Das Landratsamt klagt:Verteilte Zuständigkeiten

Auch wenn Landrat Bayerstorfer mitteilen lässt, dass der Freistaat den Grünen-Kreisrat Glaubitz vor Gericht zitieren lässt, es ist anders: Das Landesamts für Finanzen sagt: "Wir führen nur den Prozess. Die Entscheidung trifft die Ausgangsbehörde."

Von Florian Tempel, Erding

In einer Stellungnahme zur Klage gegen den Grünen-Kreisrat Stephan Glaubitz schreibt das Landratsamt Erding, "dass die Klage nicht vonseiten des Landratsamtes oder gar Herrn Landrat Bayerstorfer eingereicht wurde". Kläger sei der Freistaat Bayern, der in diesem Fall vom Landesamt für Finanzen vertreten werde. Johannes Eichinger, der Vizepräsident des Landesamtes für Finanzen, rückt allerdings auf Nachfrage der Süddeutschen Zeitung die Darstellung zurecht, mit der sich die Verantwortlichen im Landratsamt Erding offensichtlich ein Stück weit aus der Affäre ziehen wollten. "Wir führen nur den Prozess", sagt Eichinger, "die Entscheidung, dass geklagt wird, trifft aber die Ausgangsbehörde."

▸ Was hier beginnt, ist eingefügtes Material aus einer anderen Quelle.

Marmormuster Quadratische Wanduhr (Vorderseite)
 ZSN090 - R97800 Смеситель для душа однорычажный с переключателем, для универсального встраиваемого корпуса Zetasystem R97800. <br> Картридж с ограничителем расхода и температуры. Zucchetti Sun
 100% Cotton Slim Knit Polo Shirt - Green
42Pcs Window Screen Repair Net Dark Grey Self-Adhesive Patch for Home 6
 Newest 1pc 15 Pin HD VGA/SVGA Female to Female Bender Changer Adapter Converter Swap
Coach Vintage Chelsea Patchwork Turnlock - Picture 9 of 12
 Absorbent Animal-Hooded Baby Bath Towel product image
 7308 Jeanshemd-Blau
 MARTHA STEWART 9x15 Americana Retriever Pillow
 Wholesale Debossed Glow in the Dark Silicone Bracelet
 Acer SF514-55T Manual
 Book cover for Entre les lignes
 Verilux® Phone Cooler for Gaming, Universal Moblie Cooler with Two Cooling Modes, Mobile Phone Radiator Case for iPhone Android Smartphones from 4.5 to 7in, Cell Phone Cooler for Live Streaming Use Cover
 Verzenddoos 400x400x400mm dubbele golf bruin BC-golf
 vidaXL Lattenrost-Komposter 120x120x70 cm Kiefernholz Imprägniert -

In der 34 Seiten starken Klageschrift wird Kreisrat Glaubitz vorgeworfen, er habe sich "in ehrenrühriger Weise über die Tätigkeit der Ausländerbehörde im Landratsamt Erding geäußert". Glaubitz hatte scharfe Kritik zum äußerst restriktiven Erdinger Kurs bei der Erteilung von Arbeitserlaubnissen für Asylbewerber geäußert. Ziel der Klage ist, dass Glaubitz Unterlassungserklärungen abgeben, vorformulierte Richtigstellungen veröffentlichen und mehrere Tausend Euro zahlen soll. Da der Streitwert mit fast 92 000 Euro sehr hoch angesetzt ist, drohen ihm zudem extrem hohe Prozesskosten, die ihn wirtschaftlich ruinieren können.

Die Klageschrift ist von der Rechtsanwaltskanzlei Romatka & Collegen verfasst. Die Kanzlei ist schon seit mehreren Monaten in der Sache tätig. Eine Vollmacht vom 22. Juni dieses Jahres legitimiert die Münchner Anwälte, den "Vollmachtgeber gerichtlich und außergerichtlich zu vertreten", dazu gehöre "insbesondere die Befugnis zur Klageerhebung". Diese Vollmacht ist von niemand anderem als dem Erdinger Landrat Martin Bayerstorfer unterschrieben.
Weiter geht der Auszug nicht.